Die Regenfälle waren ja in weiten Teilen Mitteleuropas zu spüren, aber halt besonders heftig in Niederösterreich mit Regenmengen zwischen 250 und 450 Millimeter. Dies entspricht in den betroffenen Gebieten einer Niederschlagsmenge eines halben Jahres, passierte aber in drei bis vier Tagen. Man bezeichnet dies als Vb-Wetterlage (Fünf b), ein atlantisches Tiefdruckgebiet schiebt sich über das westliche Mittelmeer und wird dann nach Norden abgeleitet. Dort trifft es auf eine Kaltluftströmung und das führt zu einem regelrechten Ausquetschen der Wolken.
Wieso kam das Hochwasser später als dasjenige 2002?
Besonders fatal war diesmal, dass das Mittelmeer aufgrund des extrem heißen Sommers Wassertemperaturen von 28 bis 30 Grad aufwies und so die Atlantikluft extrem viel Feuchtigkeit aufnehmen konnte. Beim Jahrhunderthochwasser 2002 kamen die Starkregenfälle circa einen Monat früher, die Ursache war aber die gleiche.
Wie waren wir im Vergleich zu 2002 vorbereitet und gerüstet?
Das verheerende Hochwasser 2002, welches uns mit den Bildern von Kamp und Donau in Erinnerung geblieben ist, hat dazu geführt, dass umfassende Schutzmaßnahmen in den betroffenen Gebieten ergriffen wurden, von Rückhaltebecken bis Hochwasserdämmen. All diese Maßnahmen zum Schutz der Menschen samt ihrer Häuser, beispielhaft seien der Machland Damm entlang der Donau oder die Maßnahmen am Kamp angeführt, haben ihre Wirkung nicht verfehlt und damit dort Schlimmeres verhindert. Dafür hat das Wasser andernorts zugeschlagen.
Wieso bekommen wir das Hochwasserproblem nicht in den Griff?
Die Vorhersage von Hochwasser ist sehr komplex. Ein erfahrener Seewärter am Wolfgangsee hat es im September auf den Punkt gebracht mit den Worten: "Wann der See kummt, dann kummt er."
Wir haben erst wenige Tage vor dem Starkregen Informationen bekommen, dass es schlimm werden könnte. Weiters ist es sehr schwierig, Häuser und Siedlungen zu schützen, welche offenbar im Überflutungsgefahrengebiet errichtet wurden. Man verwendet hier den Begriff "HQ", welcher für "Hoch" steht in der Kombination mit der Abflusskennzahl "Q". Ein HQ 100 bedeutet also ein Hochwasser, welches statistisch alle 100 Jahre auftritt.

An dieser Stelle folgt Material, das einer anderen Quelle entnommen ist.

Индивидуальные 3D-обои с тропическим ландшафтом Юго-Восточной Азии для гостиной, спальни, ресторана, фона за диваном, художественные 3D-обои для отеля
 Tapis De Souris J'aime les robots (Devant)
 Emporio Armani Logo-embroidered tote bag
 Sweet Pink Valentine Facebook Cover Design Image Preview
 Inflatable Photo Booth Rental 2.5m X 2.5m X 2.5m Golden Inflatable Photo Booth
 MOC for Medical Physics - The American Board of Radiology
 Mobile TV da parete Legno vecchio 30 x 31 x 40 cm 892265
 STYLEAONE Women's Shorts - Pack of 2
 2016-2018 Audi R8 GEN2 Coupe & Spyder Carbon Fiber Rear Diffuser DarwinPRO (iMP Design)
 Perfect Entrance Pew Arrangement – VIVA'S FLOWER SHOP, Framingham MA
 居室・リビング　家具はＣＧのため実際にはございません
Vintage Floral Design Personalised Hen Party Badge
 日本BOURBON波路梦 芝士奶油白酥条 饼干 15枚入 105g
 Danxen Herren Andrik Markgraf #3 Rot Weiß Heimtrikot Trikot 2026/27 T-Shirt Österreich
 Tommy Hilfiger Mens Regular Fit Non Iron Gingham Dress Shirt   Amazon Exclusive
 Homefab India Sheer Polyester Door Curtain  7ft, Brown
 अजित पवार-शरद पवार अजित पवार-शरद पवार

Wie viele Häuser befinden sich in "Übeflutungsgebieten"?
In Österreich stehen laut Schätzungen des BML (Bundesministerium für Landwirtschaft) über 300.000 Häuser bereits in einer HQ25 Zone, das sind 10 Prozent aller Häuser. Diese zu schützen ist sehr schwierig und vor allem sehr teuer. Eine verpflichtende Hochwasser-Versicherung für alle Gebäude ließ sich politisch bisher nicht durchsetzen, wäre aber durchaus sinnvoll.
Warum siedeln wir uns in solchen Gefährdungszonen an?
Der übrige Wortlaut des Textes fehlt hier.